This is the landing page for the ReDD-COFFEE database, the Ready-to-use and Diverse Database of Covalent Organic Frameworks with Force field based Energy Evaluation. This database contains a diverse set of 268 687 covalent organic frameworks (COFs) and accompanying ab initio derived, system-specific force fields.
If you use any of this data, please cite the corresponding paper.
All 268 687 COF structures are collected in the provided tar files, which are ordered by linkage type and dimensionality. To untar the folders, run
tar -xf Linkage_ND.tar.xz
Each optimized structure file is named top_SBU1_SBU2_..._SBUN_optimized.chk
, with top
being the topology of the structure and SBUX
is the SBU that is placed on the X-th Wyckoff set of the topology.
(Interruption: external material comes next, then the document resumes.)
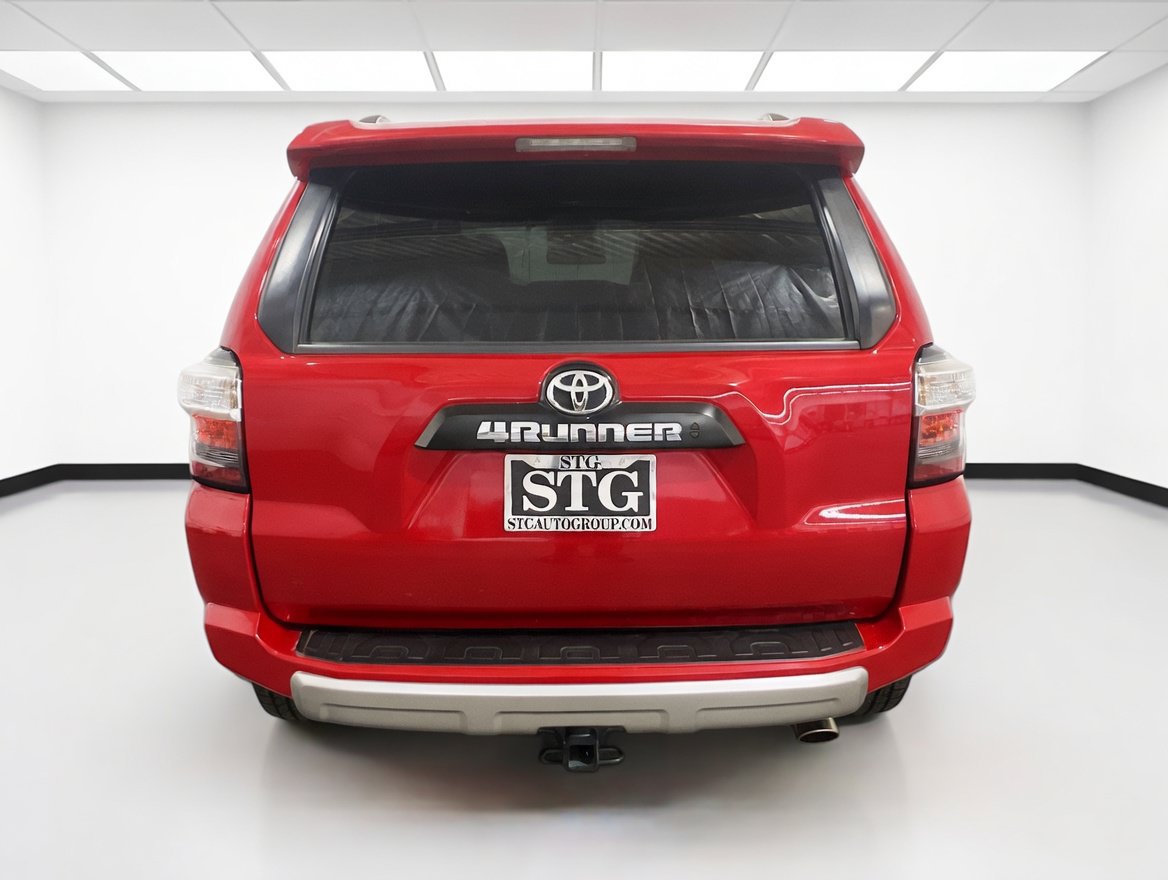 Used 2022 Toyota 4Runner TRD Off-Road Premium w/ Moonroof Package AWD/4WD image 5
The structure files are provided in the molmod .chk
format (see molmod.github.io/molmod), but can be converted to .cif
files using one of the post-processing scripts.
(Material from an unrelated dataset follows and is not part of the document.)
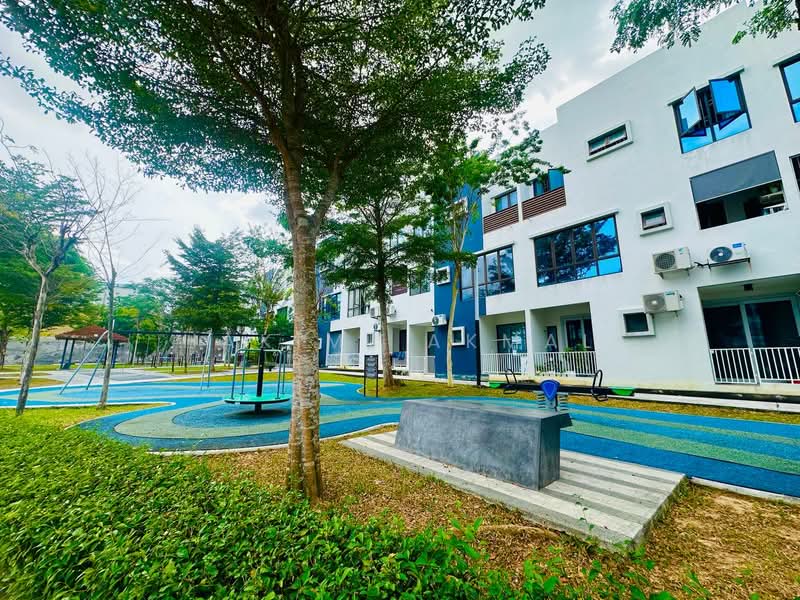 Townhouse for Sale in Sepang (Selangor) - Hakimi Akmal - Exterior - PropertyGuru.com.my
The force field parameters of all structures are collected in the pars.txt
file. This is a Yaff Parameter file (see molmod.github.io/yaff), which can be directly adopted to start molecular simulations in Yaff. To generate the force field for a specific structure, run the following lines using a Python interpreter:
from yaff import System, ForceField
system = System.from_file(structure.chk)
ff = ForceField.generate(system, 'pars.txt', **kwargs)
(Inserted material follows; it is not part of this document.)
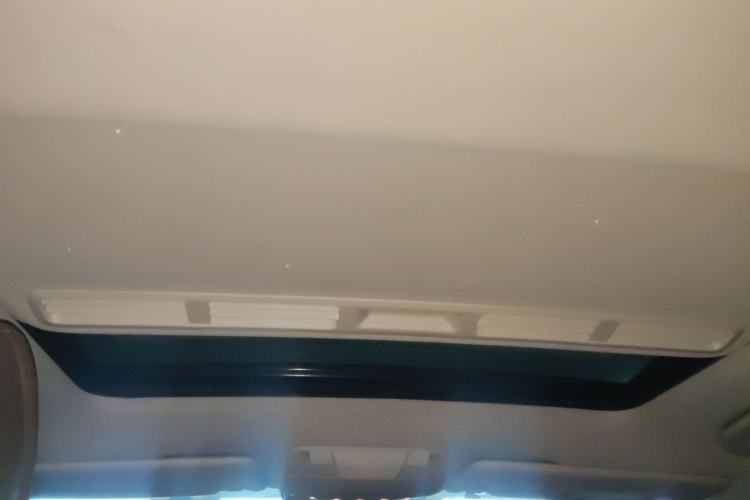 Used Mercedes-Benz E-Class 2016 E 300 L Sporty and Stylish Model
For more information on how to start molecular simulations, or convert the files to other formats, we refer to the molmod and Yaff documentation.
extract_subset.sh
As discussed in the original paper, a subset can be extracted from the ReDD-COFFEE database that has approximately the same variety and disparity as the full database. Therefore, the structures are sorted by a maxmin-algorithm. The order of the structures is given in the ordered_maxmin.txt
file. To extract a subset, the extract_subset.sh
script can be adopted by running the following command in a terminal.
bash extract_subset.sh N
,
where N
is the number of structures that you require to be in the subset. If not provided, the total number of structures in the subset will be 10 000 and the same subset as mentioned in the paper will be obtained.
extract_pars.sh
Since the pars.txt
file contains the force field parameters of all structures, there are a lot of redundant lines when trying to load the parameters for one specific structure. To extract only the necessary parameters, the extract_pars.sh
script can be used:
bash extract_pars.sh struct.chk
bash extract_pars.sh struct1.chk struct2.chk
bash extract_pars.sh BoronateEster_2D/*.chk
bash extract_pars.sh */*.chk
For each structure argument, the script will generate a separate file pars_STRUCT.txt
, with STRUCT
being the structure name, containing only those force field parameters that are required to generate the force field for that specific structure. This file can replace the pars.txt
argument in the Python command above to generate the force field. The file will be placed in the same folder as the .chk
file mentioned in the argument.
write_to_cif.py
To convert the molmod .chk
format to the common .cif
format, the write_to_cif.py
script can be adopted. (This script requires the molmod and Yaff packages to be installed.)
python write_to_cif.py struct.chk
python write_to_cif.py struct1.chk struct2.chk
python write_to_cif.py BoronateEster_2D/*.chk
python write_to_cif.py */*.chk
For each structure argument, the script generates a separate file STRUCT.cif
, with STRUCT
being the structure name, in the same folder as the .chk
file.